Whiffs eliminated from “Sing-Off”

The Whiffenpoofs were kicked off “The Sing-Off” Wednesday night. Yale’s oldest a cappella ensemble was the fourth group to be eliminated from “The Sing-Off,” an a cappella competition featuring 10 musical teams from around the country.

In the show’s second episode, groups performed songs like “Live Your Life” by T.I. and Rihanna and “Hey Soul Sister” by Train. The Whiffenpoofs sang “Haven’t Met You Yet,” by Michael Bublé.

Before being booted they did get some kudos from the judges.

“What you guys just did melted my heart,” Pussycat Doll Nicole Scherzinger told the ensemble.

Although Ben Folds complimented the Broadway style the Whiffenpoofs brought to the song, Shawn Stockman, of Boys II Men, found some flaws in their performance.

“The lead vocals weren’t as strong as I hoped,” Stockman told the Whiffenpoofs during judging.

After their elimination, the Whiffenpoofs performed “Home Sweet Home,” by Mötley Crüe for their swan song.

  • LogicalComments

    What a waste of talent. This is a competition for mass appeal. Do you see St. John College, Cambridge’s choir going to guest star on Glee?

  • sdesantis

    The Whiffs wuz robbed. It was clear that the judging was going in the pop direction and the Whiffs have a classic, male college glee club sound. The added choreography was just brilliant. I remember hearing them sing at Mory’s 35 years ago (but I’m a Columbia alum). It was a treat. They did get terrific exposure from the show that will support their touring.

  • nofunkymoose

    the judges were idiots.

  • morse08

    Very much agree with the posts above. This show also demonstrates what a sadly unmusical turn music has taken today.

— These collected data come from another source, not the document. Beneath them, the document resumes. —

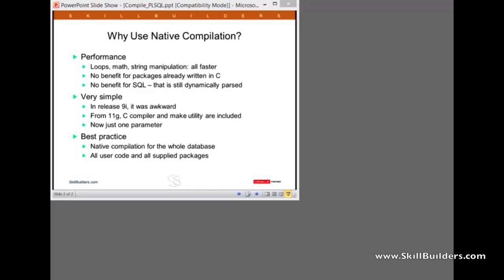It's very simple. In release 9 it was awkward. There was a whole series of parameters you had to set. You had to tell Oracle where your C compiler was, where your make utility was, where to store the DLLs. Because back in release 9, they were stored as operating system files, which caused real problems in a RAC environment. But from 11g and 12c, it's much more straightforward. Oracle is supplying a C compiler and a make utility, so everything is done internally within the database. And you end up with dynamic linked libraries stored in the database dictionary. And to set this up, it's simply one parameter change.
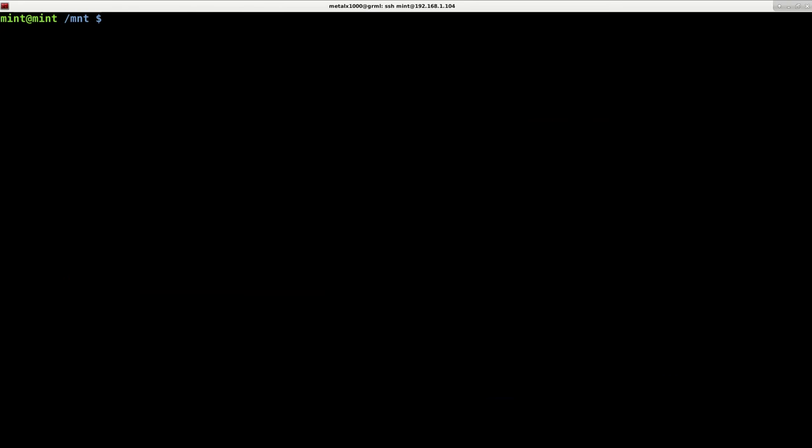But at least I now know of, and you now know of NTFS fix. And that will fix those partitions that were not properly shut down from Windows due to either their hibernation or their fast restart settings, which are just, yeah, ridiculous. Anyway, I thank you for watching.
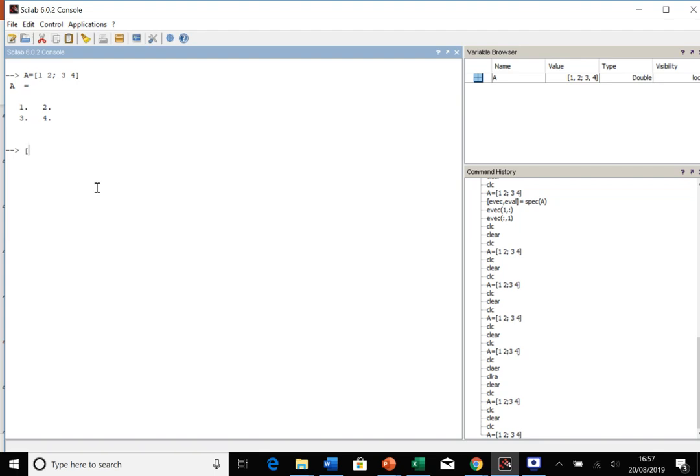We then call a specific function, and I like to keep track of what's what, so I always call it with evec. So the first output is going to be eigenvectors, and then eval for the eigenvalues.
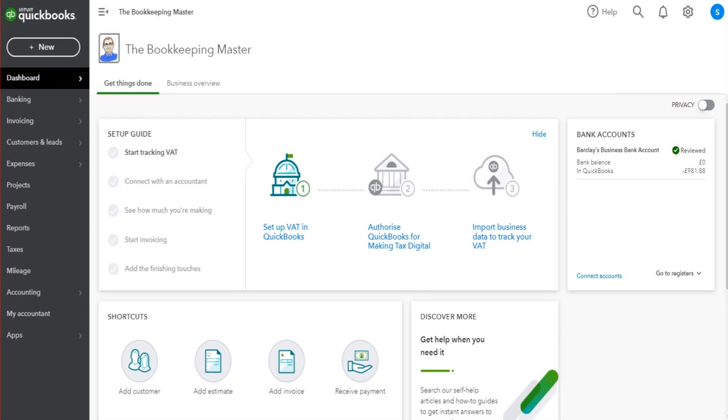Hello there, this is the Bookkeeping Master on YouTube. Welcome to another QuickBooks video. In this video, I'm going to show you how to use purchase orders on QuickBooks Online, the basics of purchase orders.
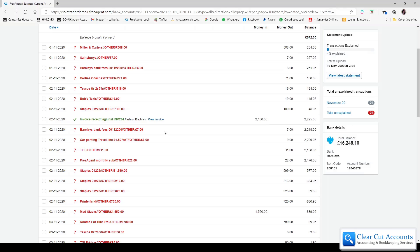What you'll also notice is now at the end of the 2nd of November the bank balance is as it should be and it is showing that she's gone overdrawn. That's all there is to it.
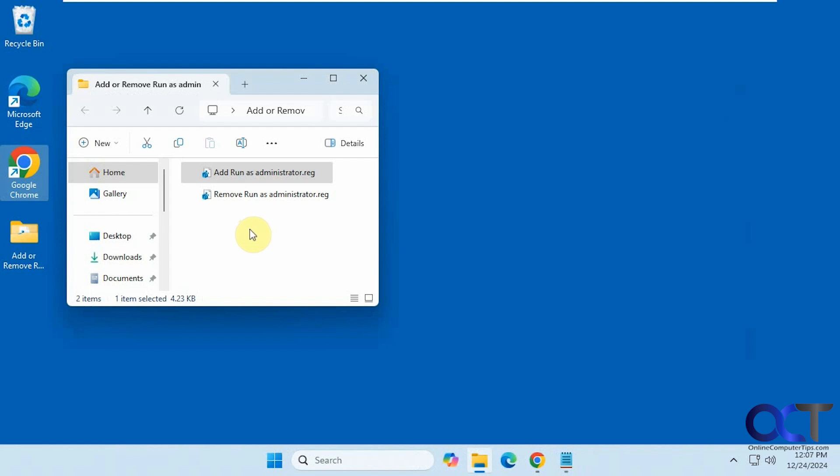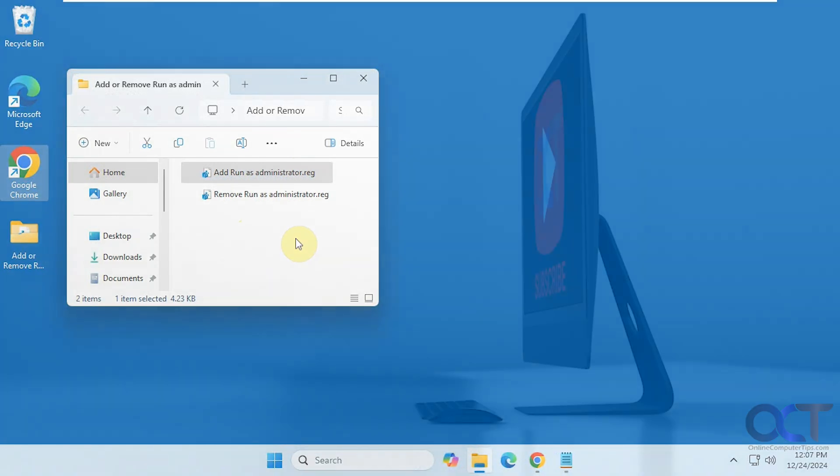I will put a link in the description where you could download these two registry files and then you could use them as needed. Thanks for watching and be sure to subscribe.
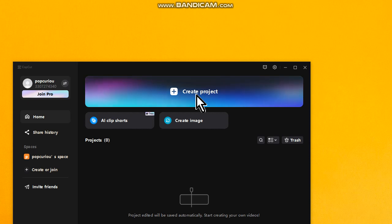Hello my friends, welcome to one more video here on the channel, Just a Guy Learning English. In this video I'm going to show you how to speed up or slow down videos on CapCut.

    Also, can I just say, THANK GOD the Whiffs were eliminated!?! I mean, I think they are amazingly talented, but that show was painfully boring. Zonk! The only reason I watched was the listen to the Whiffs. The show was so poorly conceived. And Nick Lachey as a host? Really? Half the time I thought the audience was comatose. I’m so glad I don’t need to waste my time anymore watching that snoozefest.

    Too bad for the Whiffs, though! They demonstrated what real singing ability – and class – is all about!

  • Branford73

    I’m glad the Whiffs got in the show and were able at least to do both the “signature” white ties and tails and a more contemporary look. The Whiffs are a classic group, the best of their genre–doing classic songs and newer songs in the classic style. But that style was not likely to get to the finals no matter how well they sang.

    And no way would they have advanced if audience vote had anything to do with it. The T.V. audience would never let a group of “privileged white guys” (ignoring facts about not all the guys being wasps) win in a popularity contest. Not much has changed since the Duke Lacrosse Hoax of ’06. Not advising bitterness, but don’t be surprised. That’s just the way it is.

    I like the show. All the groups are talented and fun. Lachey is a bit of a stiff, and Nicole has nothing to say musically, but otherwise I like the judges, too.

  • es11

    completely unfair elimination. the whiffs were amazing.

    plagiaristic side note:

  • Yaleman

    A different league. Cider House Rules?

  • artesian

    Times have obviously passed by for this ’51 grad, who could not begin to relate to the performances of any of those groups, even the Whiffenpoofs. I had hoped they would have demonstrated much more class and reserve. This was not how I wish to remember them.

    I want to believe that their renditions and choice of so-called music were a necessary concession to the demands of the TV show, and not a reflection of their typical present day repertoire and style. Going further, I would say the Whiffs had to swallow their pride to want to go head-to-head with all but one or two of the groups. In fact, I thought it was rather degrading for them to go down to the same level as their competitors on the show.. It was another illustration of the folly of comparing apples and oranges.

    Their singing may have been impressively harmonious, but to these ears it was hardly melodic, musical, inspirational or memorable. The most significant aspect of the Whiffs is that they are steeped in Yale tradition. But there was nothing traditional about these Whiffenpoofs except their attire. And moving around like a bunch of scared rabbits was ridiculous.

    Or have the Whiffs changed from a singing group to a song and and act?

  • artesian

    Sorry about the typo. The last line of the above post should read as follows:

    “Or have the Whiffs changed from a singing group to a song and DANCE act?”